「田中はオフの主役でした。米FA市場は『田中の去就が決まってから、動き出す。他投手の交渉が本格的にスタートするのはそれからだ』と言われていました。田中の契約前に去就が決まった投手もいますが、だいたいその通りになりました」(米国人ライター)
ポスティングシステムの落札金に『20万ドル』という上限が設けられたからだろう。「まずは田中を狙おう」という雰囲気がメジャー各球団に流れていた。しかし、その後の他FA投手の動向を見てみると、マット・ガーザ(31=レンジャーズ)が『4年5000万ドル』でブリュワーズと契約。アービン・サンタナ(32=ロイヤルズ)は交渉中だが、提示されたのは『3年4000万ドル』以下だという(MLB.com参考/2月11日時点)。ウバルド・ヒメネス(30=インディアンズ)は複数年の大型契約を狙っていたが、「単年契約後、来季またFAを狙う」と方向転換したそうだ。
サンタナはメジャー通算105勝、ヒメネスは昨季13勝をマークした“大物”である。彼らが買いたたかされた理由はともかく、キャンプイン直前となった今も具体的な交渉が始まらない投手もいた。韓国球界からFA宣言し、米球界挑戦を狙うユン・ソクミン投手(27=元起亜タイガース)だ。

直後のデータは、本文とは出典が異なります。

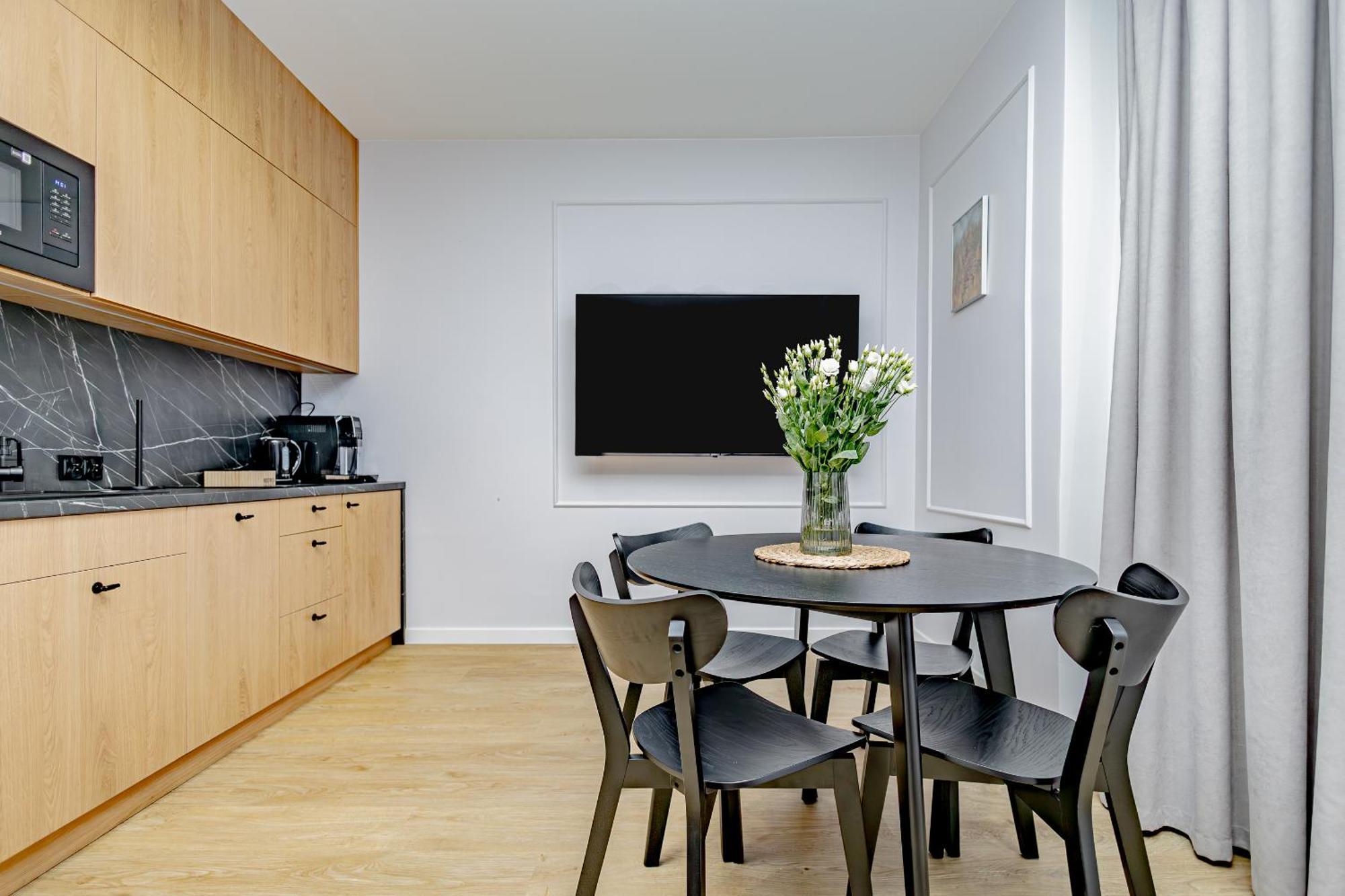 Glow Apartments - Apartamenty Studio Kozia Gdansk Srodmiescie 外观 照片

「韓国のユン」と聞いて、ピンと来た日本の野球ファンも多いのではないだろうか。
08年北京五輪の金メダル獲得に貢献し、第2回、第3回WBC韓国代表にも選ばれた好右腕で、12年シーズンは最多勝、奪三振、最優秀防御率、最優秀勝率の『投手四冠』にも輝いている。在阪球団の渉外担当者もこう続ける。
「13年は味方打線の援護に恵まれず、9勝止まりでしたが、セットアッパー、クローザーでの実績もあります。高速スライダーが武器で、真っ直ぐのスピードも常時140キロ台後半。3、4年前から、メジャーに行くとか行かないとかの情報も出ていたように記憶しています」
その韓国球界を代表する好投手が、まだ去就が決まっていないのだ。
米スポーツ専門チャンネルESPNが制作した13年オフのFA投手ランキングを見ると、1位は田中。ユンは16位だった。メジャー各球団がこのユンの獲得に慎重な理由は不明だが、
「このまま米球界との交渉が遅々として進まないのであれば、日本のプロ野球チームも獲得に動き出す」(NPB関係者)
との声も聞かれた。
「韓国・三星ライオンズから阪神入りした呉昇恒投手(31=オ・スンファン)のように、クローザー部門で圧倒的な成績を残した投手ではありません。『マイナー契約でもいい』とし、米球界入りにこだわるのか、それとも、韓国球界に戻ってから再挑戦するのか、本人の気持ち次第でしょうね。ユンは先発、中継ぎ、クローザーのどのポジションもできるので、『日本球界でもいい。米挑戦はその後に』と方向転換してくれるのであれば、12球団の渉外担当は興味を示すでしょうね。個人的には、日本では先発よりもセットアッパーが向いていると思う」(前出・渉外担当者)
好右腕が駆け込みで日本球界入りする可能性もある。もっとも、彼の代理人は「高額交渉」で知られるスコット・ボラス氏だが…。